Before running the kernel-mediated arm, the Codex runner invocation update must be committed so the managed worktree includes the corrected codex exec invocation.

Create the capture directory if needed:

mkdir -p tmp

Arm A: Direct Codex

Single direct Codex call. This is the baseline for normal direct-agent workflow.

"$CODEX" exec \
  --json \
  --ephemeral \
  -p collab \
  "Read docs/architecture/agent-orchestration/supervisory-shell-trial/prompt-dir-task-brief.md. Implement the task directly as a single engineer. Do not use subagents. Do not commit, push, or open a pull request." \
  > tmp/prompt-dir-direct-stdout.jsonl \
  2> tmp/prompt-dir-direct-stderr.log

Suggested validation after the direct run:

poetry run pytest tests/cli_tools/test_tnh_gen.py tests/cli_tools/test_tnh_gen_coverage.py \
  > tmp/prompt-dir-direct-tests.log \
  2>&1

Capture the resulting diff:

git diff > tmp/prompt-dir-direct.diff

Arm B: Supervisory Codex

Supervisor delegates substantive work to subagent engineers according to the v2 contract.

"$CODEX" exec \
  --json \
  --ephemeral \
  -p collab \
  "Read docs/architecture/agent-orchestration/supervisory-shell-trial/supervisory-team-workflow-contract-v2.md and docs/architecture/agent-orchestration/supervisory-shell-trial/prompt-dir-task-brief.md. Follow the supervisory contract. You are the engineering supervisor only. Delegate substantive work to subagent engineers. Do not commit, push, or open a pull request." \
  > tmp/prompt-dir-supervisory-stdout.jsonl \
  2> tmp/prompt-dir-supervisory-stderr.log

Suggested validation after the supervisory run:

poetry run pytest tests/cli_tools/test_tnh_gen.py tests/cli_tools/test_tnh_gen_coverage.py \
  > tmp/prompt-dir-supervisory-tests.log \
  2>&1

Capture the resulting diff:

git diff > tmp/prompt-dir-supervisory.diff

Arm C: Kernel-Mediated Agent Orchestration

Run the existing agent-orchestration kernel through tnh-conductor.

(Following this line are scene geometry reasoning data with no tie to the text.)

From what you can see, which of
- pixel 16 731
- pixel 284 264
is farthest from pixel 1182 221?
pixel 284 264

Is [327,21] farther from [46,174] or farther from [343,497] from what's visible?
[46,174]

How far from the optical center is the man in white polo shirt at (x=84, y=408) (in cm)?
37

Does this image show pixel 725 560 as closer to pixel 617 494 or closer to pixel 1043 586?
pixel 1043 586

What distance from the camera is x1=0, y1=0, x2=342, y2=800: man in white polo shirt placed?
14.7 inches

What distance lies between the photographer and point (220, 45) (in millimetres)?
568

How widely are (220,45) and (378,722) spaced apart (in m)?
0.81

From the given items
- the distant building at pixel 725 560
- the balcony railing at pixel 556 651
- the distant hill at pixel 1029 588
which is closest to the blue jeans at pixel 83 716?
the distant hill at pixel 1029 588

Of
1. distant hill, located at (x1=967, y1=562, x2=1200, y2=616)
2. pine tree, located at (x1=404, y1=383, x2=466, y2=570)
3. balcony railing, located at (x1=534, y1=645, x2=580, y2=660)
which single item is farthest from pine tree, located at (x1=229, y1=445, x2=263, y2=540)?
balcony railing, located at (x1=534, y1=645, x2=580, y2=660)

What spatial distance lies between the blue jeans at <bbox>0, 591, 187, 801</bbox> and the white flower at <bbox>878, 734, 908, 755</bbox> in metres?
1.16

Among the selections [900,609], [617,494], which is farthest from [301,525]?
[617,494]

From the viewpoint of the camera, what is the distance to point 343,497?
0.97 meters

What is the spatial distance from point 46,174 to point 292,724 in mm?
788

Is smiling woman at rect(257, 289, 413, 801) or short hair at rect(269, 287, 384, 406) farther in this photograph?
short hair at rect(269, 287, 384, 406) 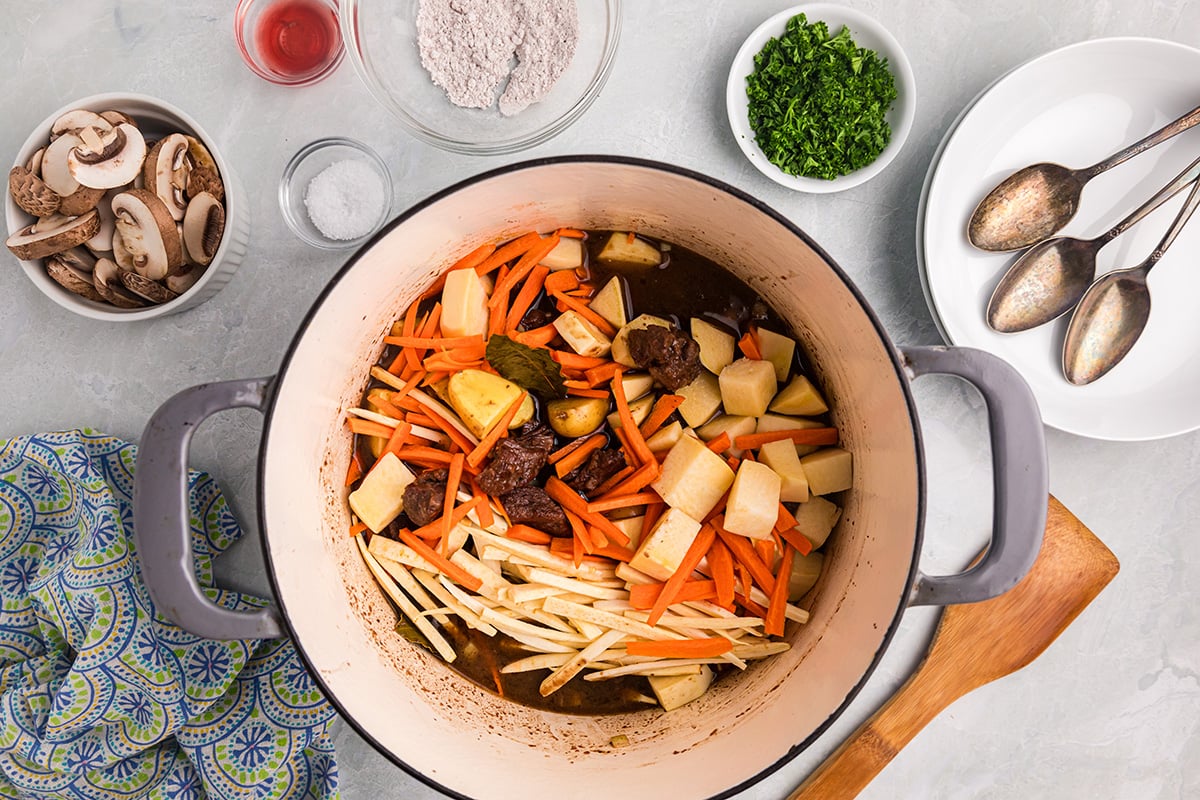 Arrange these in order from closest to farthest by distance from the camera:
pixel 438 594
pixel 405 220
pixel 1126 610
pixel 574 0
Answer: pixel 405 220 < pixel 438 594 < pixel 574 0 < pixel 1126 610

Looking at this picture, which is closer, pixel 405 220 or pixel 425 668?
pixel 405 220

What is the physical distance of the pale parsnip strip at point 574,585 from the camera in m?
1.42

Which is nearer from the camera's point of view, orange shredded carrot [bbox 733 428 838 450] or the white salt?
orange shredded carrot [bbox 733 428 838 450]

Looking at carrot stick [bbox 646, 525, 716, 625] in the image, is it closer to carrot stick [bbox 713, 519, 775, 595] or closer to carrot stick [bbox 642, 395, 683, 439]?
carrot stick [bbox 713, 519, 775, 595]

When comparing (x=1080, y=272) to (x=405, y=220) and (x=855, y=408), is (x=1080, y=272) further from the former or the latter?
(x=405, y=220)

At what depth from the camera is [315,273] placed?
1622mm

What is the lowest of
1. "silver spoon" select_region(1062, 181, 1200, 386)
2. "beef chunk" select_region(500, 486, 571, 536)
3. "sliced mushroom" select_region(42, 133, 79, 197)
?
"beef chunk" select_region(500, 486, 571, 536)

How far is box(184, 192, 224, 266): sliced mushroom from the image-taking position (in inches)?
59.6

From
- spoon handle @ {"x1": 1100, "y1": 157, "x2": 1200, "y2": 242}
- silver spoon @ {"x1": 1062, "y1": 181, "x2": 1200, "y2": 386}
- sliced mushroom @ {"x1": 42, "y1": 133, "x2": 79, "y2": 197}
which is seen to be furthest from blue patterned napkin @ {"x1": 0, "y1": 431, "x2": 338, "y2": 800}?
spoon handle @ {"x1": 1100, "y1": 157, "x2": 1200, "y2": 242}

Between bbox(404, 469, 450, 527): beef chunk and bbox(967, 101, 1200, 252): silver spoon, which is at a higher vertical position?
bbox(967, 101, 1200, 252): silver spoon

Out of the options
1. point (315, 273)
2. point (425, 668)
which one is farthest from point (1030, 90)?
point (425, 668)

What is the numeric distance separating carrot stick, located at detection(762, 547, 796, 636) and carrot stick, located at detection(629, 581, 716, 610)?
0.10 metres

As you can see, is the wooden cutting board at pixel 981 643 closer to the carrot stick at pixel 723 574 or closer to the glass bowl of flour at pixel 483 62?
the carrot stick at pixel 723 574

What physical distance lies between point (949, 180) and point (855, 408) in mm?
534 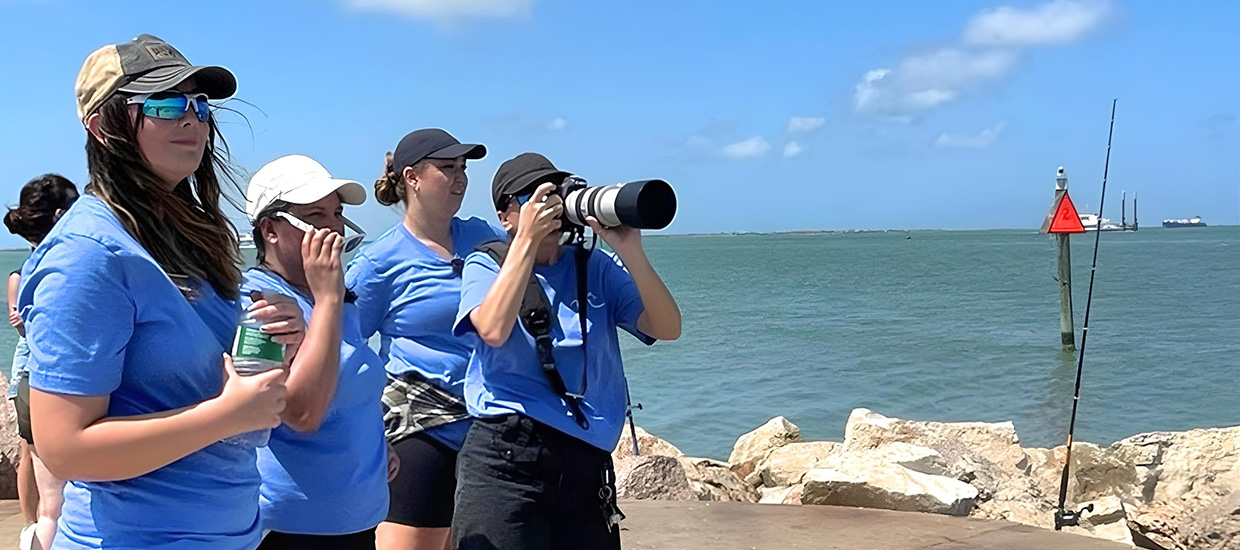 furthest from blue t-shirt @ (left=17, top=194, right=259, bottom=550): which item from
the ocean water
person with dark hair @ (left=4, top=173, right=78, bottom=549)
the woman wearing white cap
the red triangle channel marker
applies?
the red triangle channel marker

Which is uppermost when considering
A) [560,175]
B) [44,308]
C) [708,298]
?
[560,175]

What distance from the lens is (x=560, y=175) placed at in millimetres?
3225

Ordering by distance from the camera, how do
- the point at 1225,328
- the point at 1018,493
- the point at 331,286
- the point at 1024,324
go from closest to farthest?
the point at 331,286 < the point at 1018,493 < the point at 1225,328 < the point at 1024,324

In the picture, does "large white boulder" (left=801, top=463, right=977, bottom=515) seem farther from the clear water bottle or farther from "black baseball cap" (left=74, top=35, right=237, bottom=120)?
"black baseball cap" (left=74, top=35, right=237, bottom=120)

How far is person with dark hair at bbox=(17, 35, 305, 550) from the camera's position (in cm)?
184

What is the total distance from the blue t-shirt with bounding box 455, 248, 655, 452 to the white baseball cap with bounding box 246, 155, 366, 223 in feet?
1.64

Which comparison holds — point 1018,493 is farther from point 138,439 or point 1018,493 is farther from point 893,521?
point 138,439

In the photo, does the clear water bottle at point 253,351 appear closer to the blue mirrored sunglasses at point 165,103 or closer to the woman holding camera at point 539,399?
the blue mirrored sunglasses at point 165,103

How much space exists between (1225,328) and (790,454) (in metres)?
18.8

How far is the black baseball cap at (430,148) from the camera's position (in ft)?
12.5

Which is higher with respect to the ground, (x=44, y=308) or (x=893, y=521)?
(x=44, y=308)

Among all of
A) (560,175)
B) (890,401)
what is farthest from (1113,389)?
(560,175)

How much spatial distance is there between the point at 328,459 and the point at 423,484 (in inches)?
38.8

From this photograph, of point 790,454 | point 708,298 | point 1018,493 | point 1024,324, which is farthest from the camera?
point 708,298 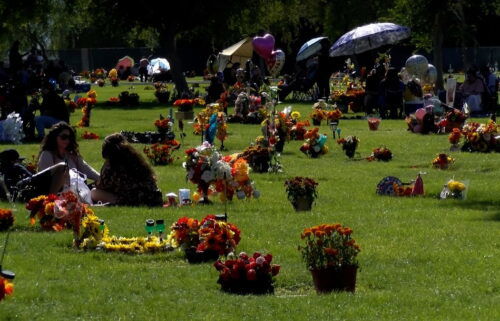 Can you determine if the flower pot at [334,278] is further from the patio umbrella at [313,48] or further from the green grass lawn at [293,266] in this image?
the patio umbrella at [313,48]

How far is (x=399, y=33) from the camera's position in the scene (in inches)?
1658

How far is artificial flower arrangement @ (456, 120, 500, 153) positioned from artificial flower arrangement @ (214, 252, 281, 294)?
14497 mm

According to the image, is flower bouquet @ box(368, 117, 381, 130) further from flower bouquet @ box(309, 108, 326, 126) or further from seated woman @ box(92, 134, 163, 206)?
seated woman @ box(92, 134, 163, 206)

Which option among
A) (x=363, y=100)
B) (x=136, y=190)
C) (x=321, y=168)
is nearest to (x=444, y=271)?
(x=136, y=190)

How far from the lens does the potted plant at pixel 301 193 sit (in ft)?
55.3

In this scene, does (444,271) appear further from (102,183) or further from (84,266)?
(102,183)

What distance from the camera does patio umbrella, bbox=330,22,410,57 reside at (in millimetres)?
42062

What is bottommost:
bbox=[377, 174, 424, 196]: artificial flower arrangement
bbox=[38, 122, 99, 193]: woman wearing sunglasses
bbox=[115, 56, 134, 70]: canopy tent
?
bbox=[115, 56, 134, 70]: canopy tent

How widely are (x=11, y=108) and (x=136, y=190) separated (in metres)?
15.0

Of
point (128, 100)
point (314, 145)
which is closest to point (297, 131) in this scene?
point (314, 145)

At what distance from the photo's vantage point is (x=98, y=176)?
18094mm

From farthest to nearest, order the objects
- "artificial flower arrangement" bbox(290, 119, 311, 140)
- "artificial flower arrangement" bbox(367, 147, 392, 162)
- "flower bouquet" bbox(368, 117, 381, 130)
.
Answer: "flower bouquet" bbox(368, 117, 381, 130) < "artificial flower arrangement" bbox(290, 119, 311, 140) < "artificial flower arrangement" bbox(367, 147, 392, 162)

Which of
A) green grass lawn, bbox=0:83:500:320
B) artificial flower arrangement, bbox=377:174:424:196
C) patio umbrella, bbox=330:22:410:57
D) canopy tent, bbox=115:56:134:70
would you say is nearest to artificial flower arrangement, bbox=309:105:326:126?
patio umbrella, bbox=330:22:410:57

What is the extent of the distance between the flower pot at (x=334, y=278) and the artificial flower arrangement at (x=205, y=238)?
1.91 metres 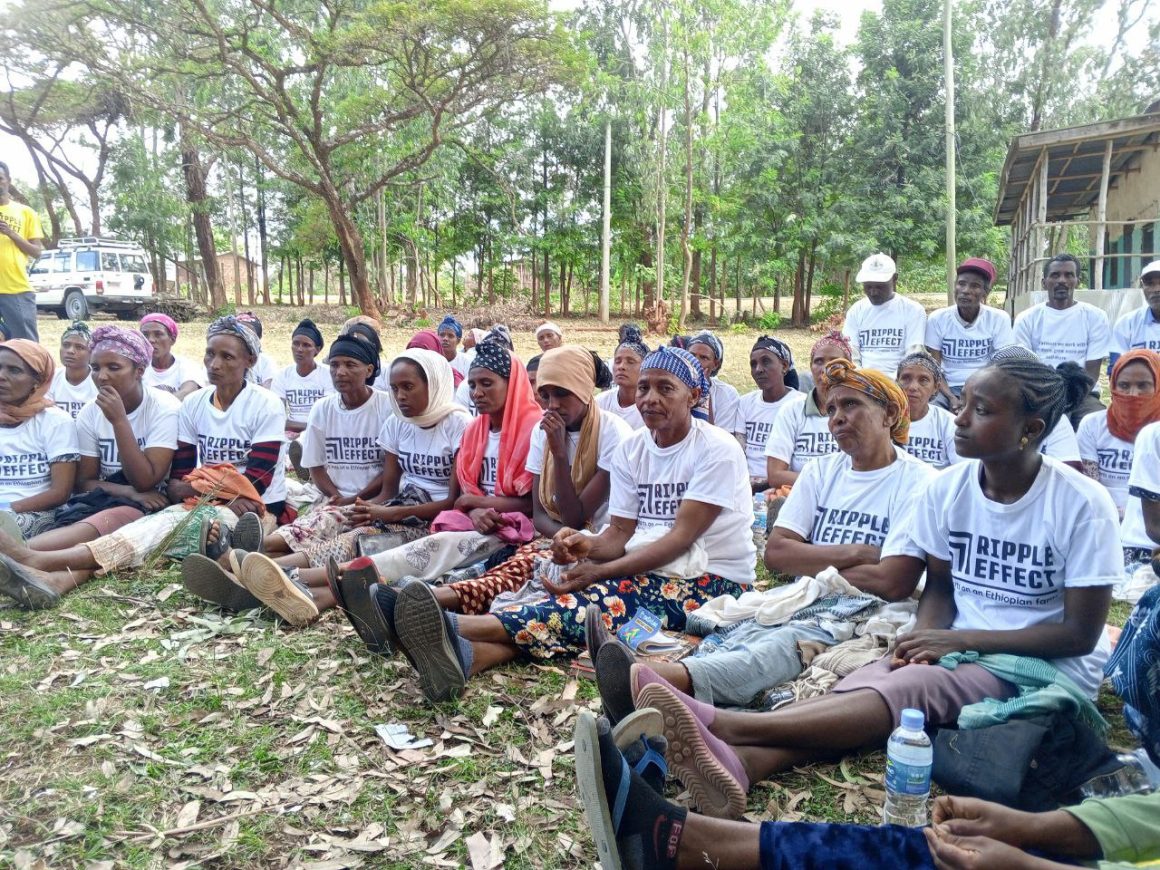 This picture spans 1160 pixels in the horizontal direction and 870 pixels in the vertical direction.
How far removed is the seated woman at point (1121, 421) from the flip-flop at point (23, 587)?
563 cm

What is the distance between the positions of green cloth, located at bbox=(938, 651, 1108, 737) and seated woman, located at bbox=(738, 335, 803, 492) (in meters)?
3.37

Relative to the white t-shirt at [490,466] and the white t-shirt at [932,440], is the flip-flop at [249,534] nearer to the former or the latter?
the white t-shirt at [490,466]

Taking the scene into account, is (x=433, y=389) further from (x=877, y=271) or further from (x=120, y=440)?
(x=877, y=271)

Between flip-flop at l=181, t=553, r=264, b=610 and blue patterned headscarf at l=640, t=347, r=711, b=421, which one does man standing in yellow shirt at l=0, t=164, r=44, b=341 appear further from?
blue patterned headscarf at l=640, t=347, r=711, b=421

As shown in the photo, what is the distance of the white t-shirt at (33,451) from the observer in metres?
4.89

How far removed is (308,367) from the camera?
7.42m

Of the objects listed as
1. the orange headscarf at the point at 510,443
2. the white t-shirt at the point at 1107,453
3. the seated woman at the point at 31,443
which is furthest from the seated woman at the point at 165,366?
the white t-shirt at the point at 1107,453

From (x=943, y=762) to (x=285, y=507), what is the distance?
13.8ft

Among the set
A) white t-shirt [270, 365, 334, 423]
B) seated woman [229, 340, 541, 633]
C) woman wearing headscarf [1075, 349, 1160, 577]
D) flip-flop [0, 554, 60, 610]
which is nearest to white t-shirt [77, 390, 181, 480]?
flip-flop [0, 554, 60, 610]

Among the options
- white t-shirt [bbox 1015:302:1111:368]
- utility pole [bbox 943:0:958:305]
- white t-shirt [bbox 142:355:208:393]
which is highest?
utility pole [bbox 943:0:958:305]

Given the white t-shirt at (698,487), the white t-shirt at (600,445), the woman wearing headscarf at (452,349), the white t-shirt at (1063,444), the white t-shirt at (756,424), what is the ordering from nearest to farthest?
the white t-shirt at (698,487), the white t-shirt at (600,445), the white t-shirt at (1063,444), the white t-shirt at (756,424), the woman wearing headscarf at (452,349)

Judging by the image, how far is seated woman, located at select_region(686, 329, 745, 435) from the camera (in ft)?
21.2

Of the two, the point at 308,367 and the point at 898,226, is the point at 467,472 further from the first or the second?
the point at 898,226

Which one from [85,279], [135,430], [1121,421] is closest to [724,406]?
[1121,421] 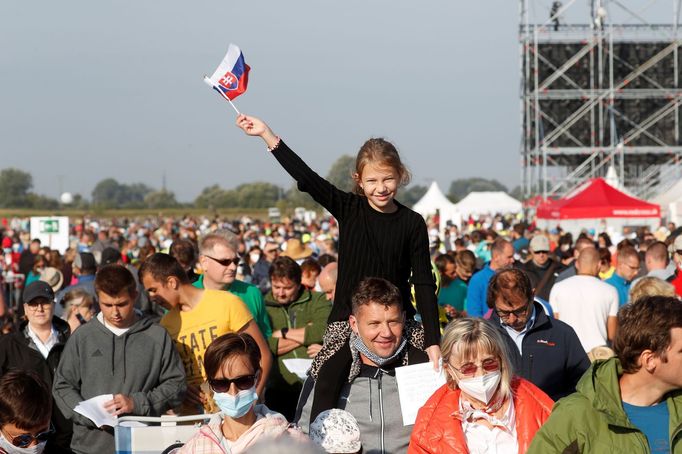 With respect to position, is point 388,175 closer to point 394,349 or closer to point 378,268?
point 378,268

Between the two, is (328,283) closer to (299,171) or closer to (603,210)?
(299,171)

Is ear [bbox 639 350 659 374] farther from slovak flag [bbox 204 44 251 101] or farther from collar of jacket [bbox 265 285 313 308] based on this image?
collar of jacket [bbox 265 285 313 308]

The conductor creates its own managed worktree from committed HEAD.

poetry run tnh-conductor run \
  --workflow docs/architecture/agent-orchestration/supervisory-shell-trial/prompt-dir-comparison.workflow.yaml \
  --repo-root . \
  --codex-executable "$CODEX" \
  > tmp/prompt-dir-kernel-summary.json \
  2> tmp/prompt-dir-kernel-stderr.log

Inspect the conductor summary:

cat tmp/prompt-dir-kernel-summary.json

The summary includes the managed worktree path and run directory. Inspect those artifacts before comparing the kernel arm to the direct and supervisory arms.

Minimal Review Bundle

Capture:

  • task brief
  • stdout JSONL or conductor summary JSON
  • stderr log
  • final diff
  • targeted test result
  • short human judgment note